** Raw data follows **

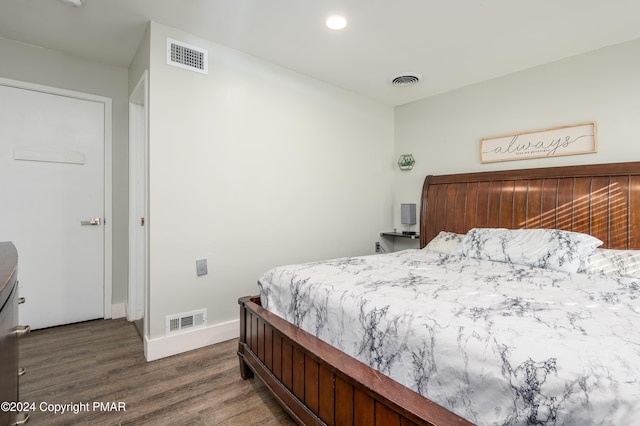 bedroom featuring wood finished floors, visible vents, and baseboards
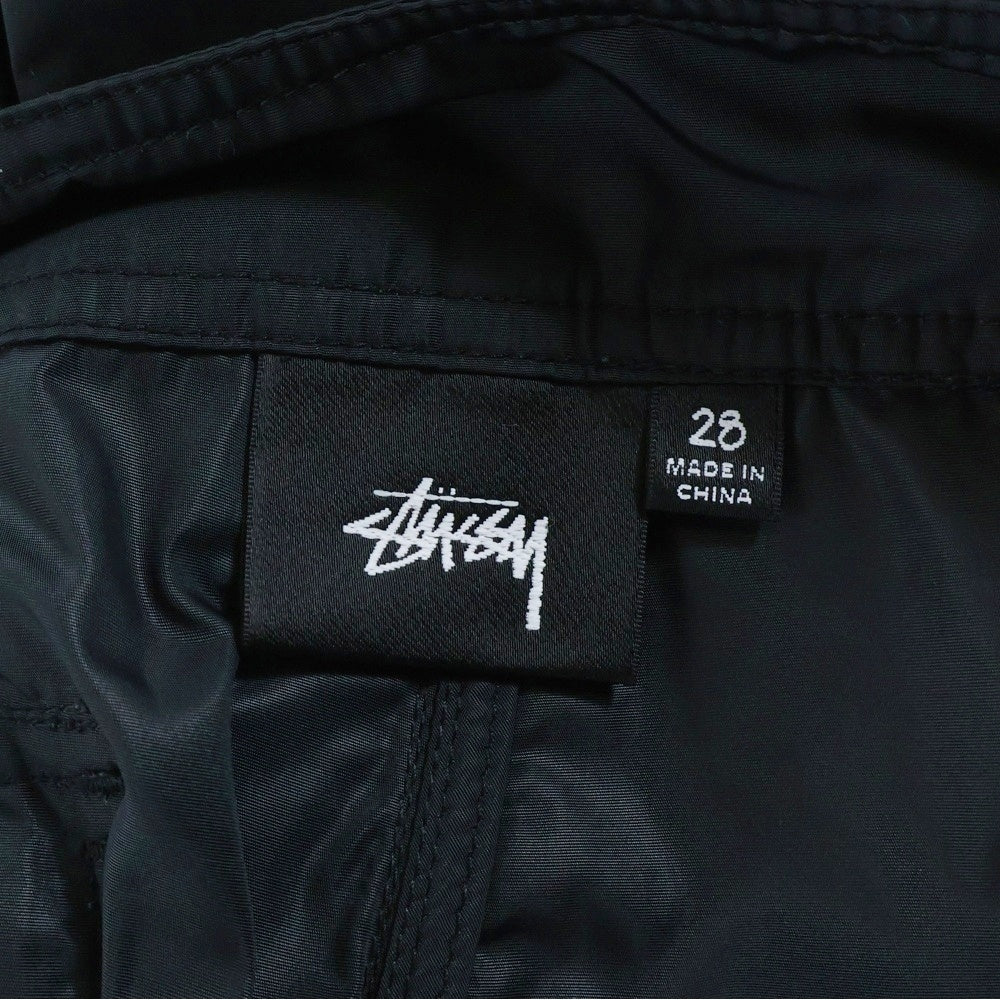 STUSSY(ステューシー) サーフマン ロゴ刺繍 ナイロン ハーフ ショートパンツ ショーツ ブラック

** End of Raw data **
** Raw data follows **

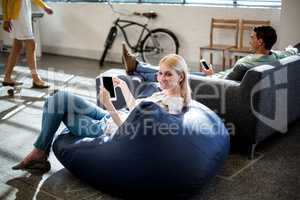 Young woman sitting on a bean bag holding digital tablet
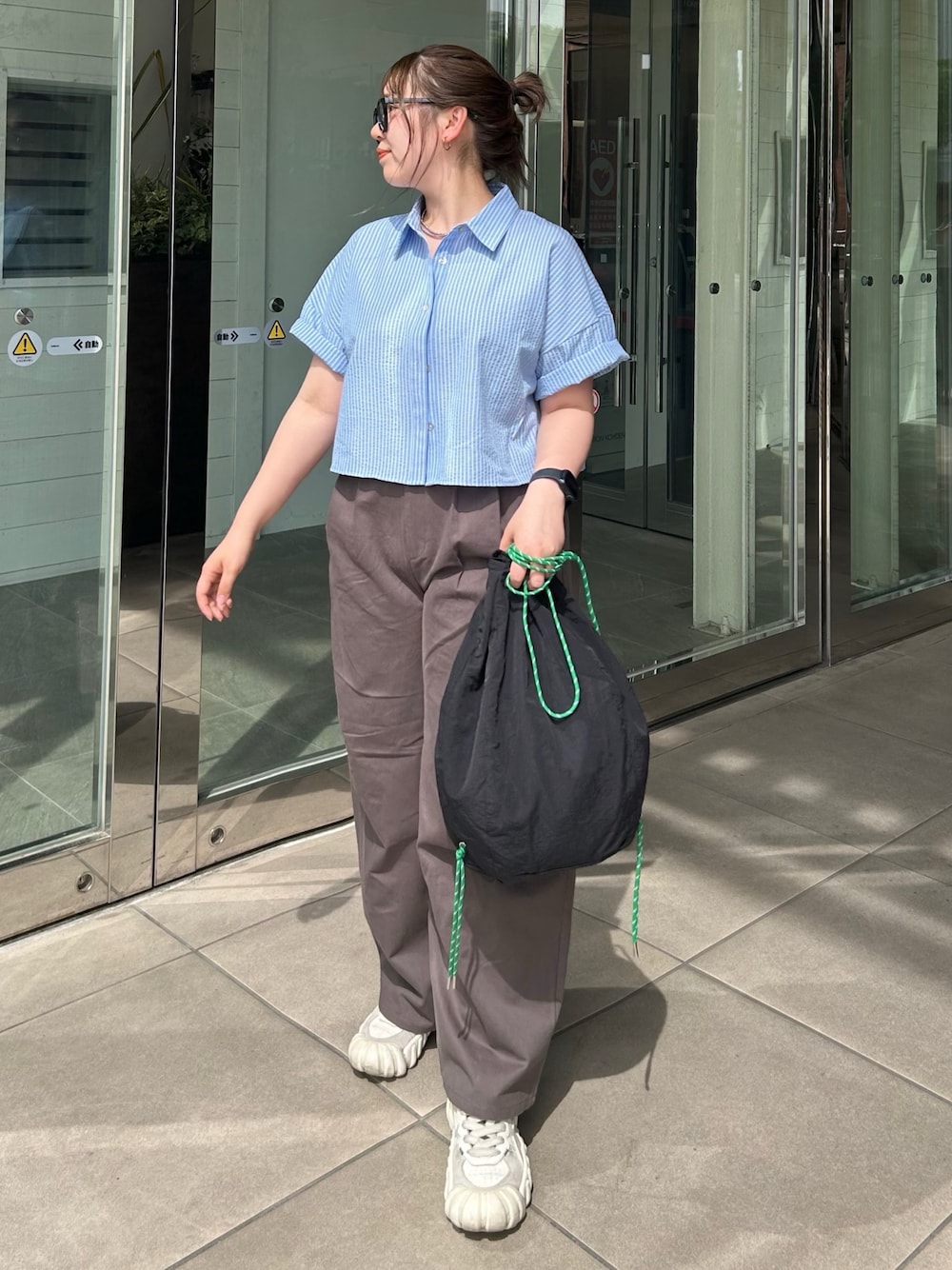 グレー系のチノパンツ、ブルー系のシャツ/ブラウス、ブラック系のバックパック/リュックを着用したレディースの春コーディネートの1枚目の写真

** End of Raw data **
** Raw data follows **

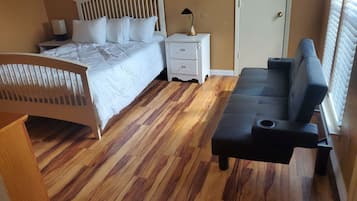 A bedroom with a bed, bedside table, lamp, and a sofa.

** End of Raw data **

Look above for the line with "bedroom featuring wood" and copy exactly from it through the line with "STUSSY(ステューシー) サーフマン ロゴ刺繍", both included. Omit the pictures.

Answer:
 bedroom featuring wood finished floors, visible vents, and baseboards
 STUSSY(ステューシー) サーフマン ロゴ刺繍 ナイロン ハーフ ショートパンツ ショーツ ブラック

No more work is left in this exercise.